There have been few Soweto derbies without the requisite pre-match hype and all-consuming expectation. Equally, there have been few that have lived up to all the fanfare. Most, certainly in the past decade, have been snore fests, which is born out by the statistics.
None of the last nine derbies between Kaizer Chiefs and Orlando Pirates has produced more than two goals and five of them have finished in draws. But this Saturday has the potential to break the mould and finally deliver the kind of excitement the usually packed crowds seek.
Kaizer Chiefs will bring a new attacking approach, which has been missing in recent years, and Orlando Pirates are capable of either an emboldened showing or a limp concession – such has been the unpredictability they have achieved with markedly inconsistent form.
There is no doubt the upcoming African Confederation Cup weighs heavily on the Buccaneers, whose domestic league showings have been appalling but also find themselves in the semifinal of the Telkom Knockout.
Coach Eric Tinkler is living on borrowed time with a departure predicted for December after the conclusion of the pan-African campaign if he does not manage to turn around matters in domestic competition.

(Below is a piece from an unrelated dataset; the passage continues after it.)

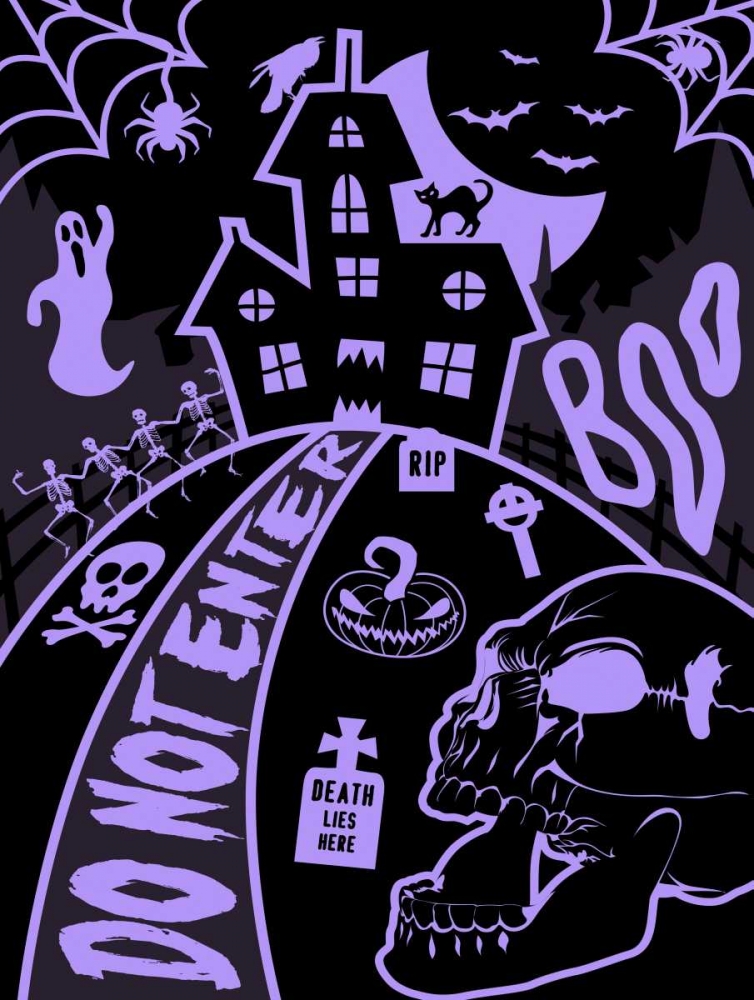 Wall Art Painting id:86498, Name: Haunted Fun House, Artist: Grey, Jace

Pirates’ players look burnt out and the injury list is mounting as the exertions of balancing playing in continental competition with that of a tight Premier Soccer League schedule take their toll.
Injured midfield maestro Oupa Manyisa is unlikely to be back before the end of the year; goalkeeper Brighton Mhlongo is still weeks from making a return; Sifiso Myeni was hurt in a horror tackle last week; and Happy Jele went off in Wednesday night’s surprise home defeat to Lamontville Golden Arrows.

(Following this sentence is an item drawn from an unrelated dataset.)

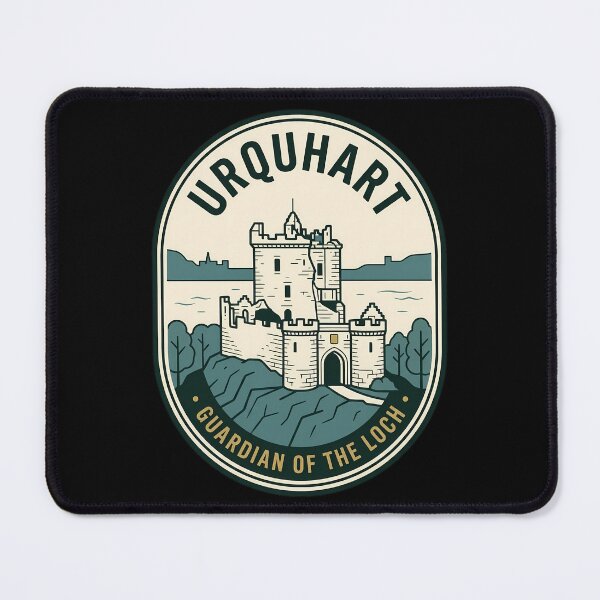 Item preview, Urquhart Castle Scotland Vintage Travel Emblem designed and sold by k3rstman1.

But, time after time, Pirates manage to rise above the setbacks and turn in a warrior-like performance. Increasingly, they seem to be saving it for the big occasions, as witnessed during the Confederation Cup campaign, and, after the misery of local results in recent weeks, are set for something heroic.
Chiefs start as favourites, buoyed by two wins in recent matches against Mpumalanga Black Aces (in both cup and league action), where Steve Komphela had his tactical acumen constantly tested by the machinations of opposition coach Muhsin Ertugral, and came up with a solution almost every time to ensure Chiefs won both times.
Komphela, since arriving at the start of the season, has struggled to effectively make the switch in Chiefs’ approach from the transitional, counterattacking game favoured by his predecessor Stuart Baxter to a much more expansive approach.
They have got the creation of goal-scoring chances spot on but have been let down by poor finishing and the occasional defensive muddle, although it must be added that no team has conceded as few goals so far this season as Chiefs.
Saturday at Soccer City therefore promises to be less cagey and shackled in comparison to previous clashes and might just provide a memorable afternoon’s entertainment.
It is to be followed by a second meeting next Saturday in the semifinal of the Telkom Knockout.
It is rare to have the Soweto derby on successive weekends and in austere economic climes presents a predicament for supporters who might only be able to watch one of the two.
History suggests the Cup clash will prove more attractive and could therefore pull spectators away from this Saturday’s clash.